[Opening RECORDS TO USE section]

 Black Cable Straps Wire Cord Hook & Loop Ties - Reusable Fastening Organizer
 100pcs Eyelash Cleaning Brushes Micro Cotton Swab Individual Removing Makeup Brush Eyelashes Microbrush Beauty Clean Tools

[Closing RECORDS TO USE section]
[Opening RECORDS TO USE section]

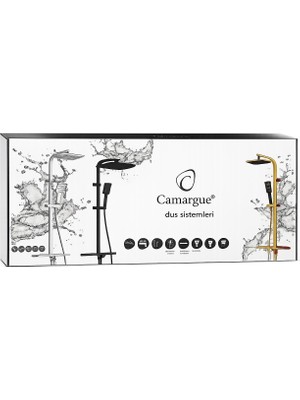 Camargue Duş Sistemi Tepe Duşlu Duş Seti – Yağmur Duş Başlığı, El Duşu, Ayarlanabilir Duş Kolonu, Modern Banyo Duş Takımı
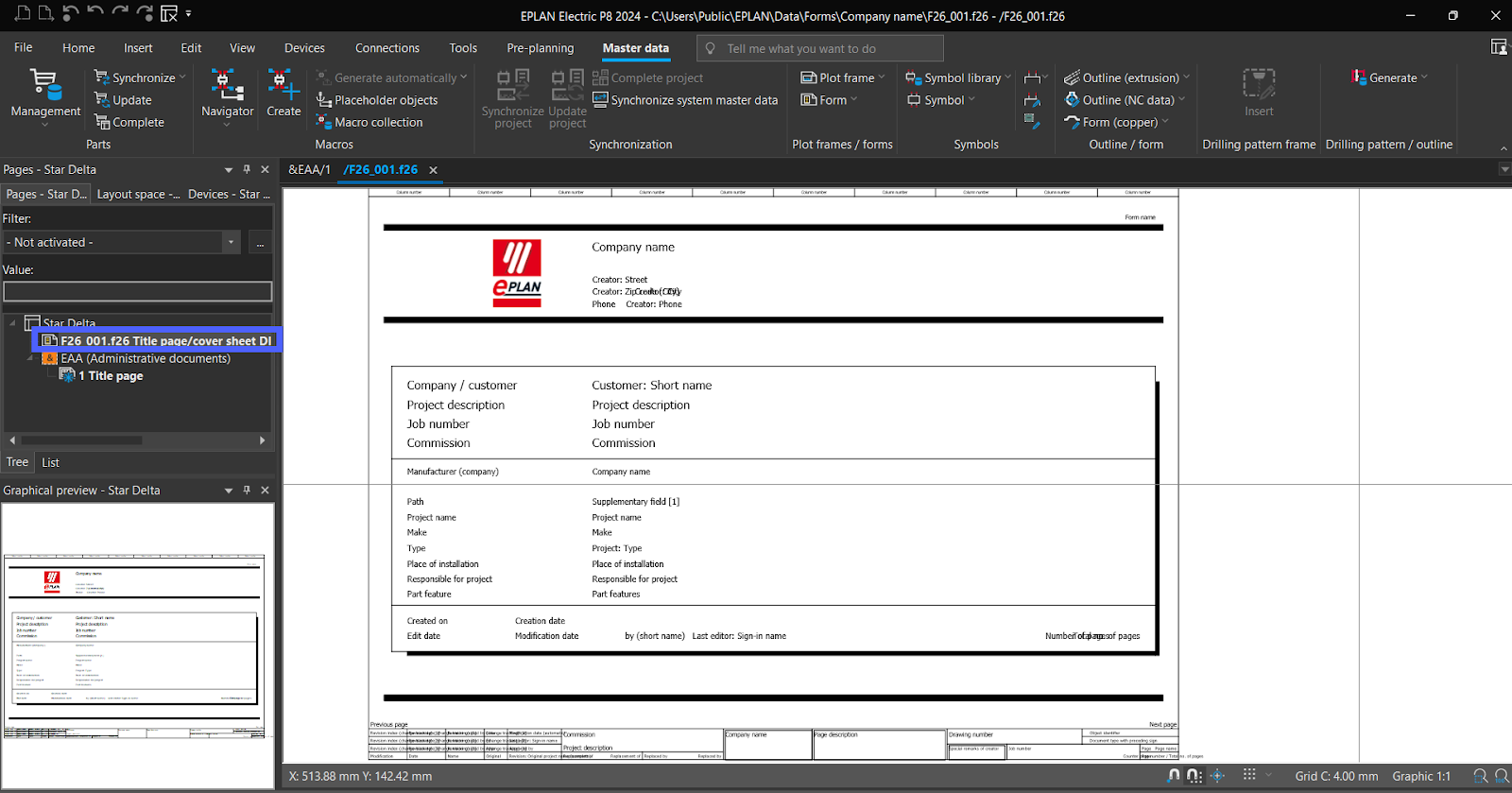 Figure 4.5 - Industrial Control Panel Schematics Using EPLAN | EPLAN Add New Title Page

[Closing RECORDS TO USE section]

WHAT YOU WILL DO: In the listing above, find the line with "Black Cable Straps" and the line with "100pcs Eyelash Cleaning"; output exactly those lines and all lines between them.

EXERCISE ANSWER:
 Black Cable Straps Wire Cord Hook & Loop Ties - Reusable Fastening Organizer
 100pcs Eyelash Cleaning Brushes Micro Cotton Swab Individual Removing Makeup Brush Eyelashes Microbrush Beauty Clean Tools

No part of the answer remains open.